I think it would be beneficial (for me at least!) to hear about each other's approaches to various scenarios involving a CRUD based service. For example, in many cases a Model isn't necessary - it may be just fine to call a service from a mediator upon initialisation, and deal with the returned promise directly. That would certainly avoid confusion when multiple mediators are active at once. When would it be essential to keep a list of VOs in a model for example?

  1. Support Staff 1 Posted by Ondina D.F. on 22 Jan, 2014 03:10 PM

    Ondina D.F.'s Avatar

    Hi Tim,

    I think that all of the scenarios mentioned by Rick are valid approaches. It's been said a million times already, but it's true, it depends on your project's requirements and settings which approach you'll choose. Whether your application will be well structured and following all the "good practices" depends a lot on your own experience. In fact, you don't need a framework at all to achieve those goals:)

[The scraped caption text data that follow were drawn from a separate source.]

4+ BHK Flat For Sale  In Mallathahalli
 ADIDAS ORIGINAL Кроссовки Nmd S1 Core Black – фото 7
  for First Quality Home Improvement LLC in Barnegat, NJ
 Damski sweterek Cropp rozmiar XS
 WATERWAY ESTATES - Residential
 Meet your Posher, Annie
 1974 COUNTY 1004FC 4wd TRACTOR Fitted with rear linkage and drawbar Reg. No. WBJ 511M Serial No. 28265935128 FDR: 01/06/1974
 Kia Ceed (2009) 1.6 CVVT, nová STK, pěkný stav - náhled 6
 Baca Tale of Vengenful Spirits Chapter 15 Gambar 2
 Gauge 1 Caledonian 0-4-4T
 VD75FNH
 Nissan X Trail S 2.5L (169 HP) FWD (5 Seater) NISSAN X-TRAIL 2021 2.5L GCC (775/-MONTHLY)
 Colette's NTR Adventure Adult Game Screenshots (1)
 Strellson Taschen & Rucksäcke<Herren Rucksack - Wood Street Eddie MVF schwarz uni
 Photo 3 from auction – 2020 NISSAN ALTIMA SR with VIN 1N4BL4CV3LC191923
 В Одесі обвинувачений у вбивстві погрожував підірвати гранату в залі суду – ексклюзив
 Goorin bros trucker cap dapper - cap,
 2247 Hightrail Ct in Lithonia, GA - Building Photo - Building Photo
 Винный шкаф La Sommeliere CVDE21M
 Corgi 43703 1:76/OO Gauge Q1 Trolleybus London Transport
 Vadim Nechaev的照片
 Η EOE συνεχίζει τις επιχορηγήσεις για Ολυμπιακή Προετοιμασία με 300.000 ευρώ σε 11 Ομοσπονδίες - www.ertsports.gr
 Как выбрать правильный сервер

    I like Promises, but I've never had a chance to use them in my projects.

    I agree with Rick on not always needing a Model.
    He said: "Typically I prefer to always get a fresh list of value objects after a crud operation (someone might have made recent changes to other contacts while you were working.)"
    I had situations where that's exactly what happened. The data has been synchronized on the server and already "prepared" (ready to be presented by a View), so when the Service received it, it just dispatched an event with the results as a payload and the mediator would then forward it to its view. Since the data wasn't shared by other views and didn't affect the state of the entire application, there was no need to hold or manipulate the state of that data in a Model. Every user interaction triggered a command -> service call, and every service result updated the view.

    In most cases, though, I follow the 'classical' way of keeping the state of data or manipulating it in a Model, and strongly-type and transport it via VOs.

    When would it be essential to keep a list of VOs in a model for example?

    An example for that situation is Joel's AddressBook. You can see the contacts list in one view and an editable contact corresponding to a Contact VO in the details view.
    The 2 views share the same data, but present it differently. Changes made in the details view would be reflected in the list view. Strong-typed collections are easier to work with, to inject or/and maintain/change.
    But, I'm not sure that that was what you've asked, because I guess you knew that already.

    I hope others will participate in this discussion as well :)

    Ondina

  2. 2 Posted by timwjohn on 10 Feb, 2014 08:59 PM

    timwjohn's Avatar

    Thanks Ondina. Of course, you're right - it always depends on the needs of the project. I guess I'm always looking for a combination of clarity, efficiency, economy and elegance in my projects, but there's no perfect or single solution. Your comments have been very helpful. Thanks!

  3. Support Staff 3 Posted by Ondina D.F. on 11 Feb, 2014 02:48 PM

    Ondina D.F.'s Avatar

    Hey Tim, you're welcome!
    I'm sorry that the participation rate in this discussion is so low. It's always interesting to hear different approaches to a problem, all the more so as there isn't a single perfect solution.

  4. Ondina D.F. closed this discussion on 28 Apr, 2014 08:11 AM.